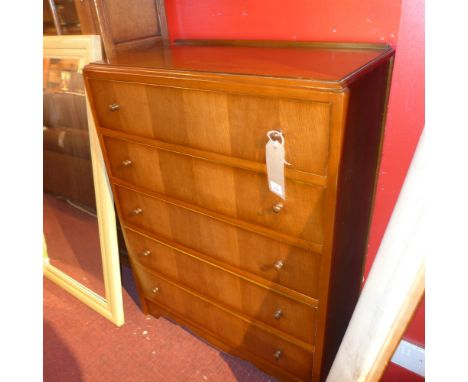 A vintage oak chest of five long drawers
...
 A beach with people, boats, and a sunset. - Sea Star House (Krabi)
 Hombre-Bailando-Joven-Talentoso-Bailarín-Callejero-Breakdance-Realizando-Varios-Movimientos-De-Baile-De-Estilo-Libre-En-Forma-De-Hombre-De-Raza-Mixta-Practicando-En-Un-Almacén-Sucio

§ What you will do:
Would you please copy, word for word, everything above from the line containing "A beach with" down to the line containing "Hombre-Bailand", those two lines included?

§ Response to this exercise:
 A beach with people, boats, and a sunset. - Sea Star House (Krabi)
 Hombre-Bailando-Joven-Talentoso-Bailarín-Callejero-Breakdance-Realizando-Varios-Movimientos-De-Baile-De-Estilo-Libre-En-Forma-De-Hombre-De-Raza-Mixta-Practicando-En-Un-Almacén-Sucio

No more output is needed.